The smoker is going intensely the whole time, and the meat tastes like it, although some of it could use more salt to bring out the wood flavor that’s been imparted. The pork and the brisket, both chopped, are decent, with a regular sauce and a spicier sauce that are very similar to one another, both tomato-based. The ribs, however, are a cut above, with a lovely pink color on the inside, good texture (pulling away nicely from the bone but not mushy) and a tasty rub. 

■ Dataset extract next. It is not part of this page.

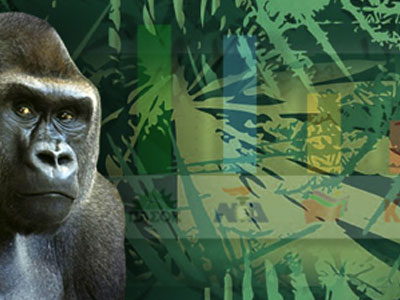 Το βράδυ τα αποτελέσματα της Ανοικτής Ψηφοφορίας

The beans are so sugary they could be dessert, but then you’d miss the Key lime cake, which comes in a disposable aluminum container and is artificial-tasting but worth your time. Slaw and potato salad are fine, and the stew is pretty good, with a more robust texture than the usual slurry. There is also an array of fried appetizers, including good homemade pork skins (ranch flavored, as well as plain), pickles, corn pups, mozzarella sticks and loaded fries covered with barbecue and nacho cheese. 

Kids meals include a drink and a side, and there is also red velvet cake and banana pudding, including a version with strawberries, plus several varieties of tea. Edee’s Shack is open 10:30 a.m.-ish to 9 p.m. Wednesday through Saturday and 10:30 a.m.-ish to 7 p.m. Sunday.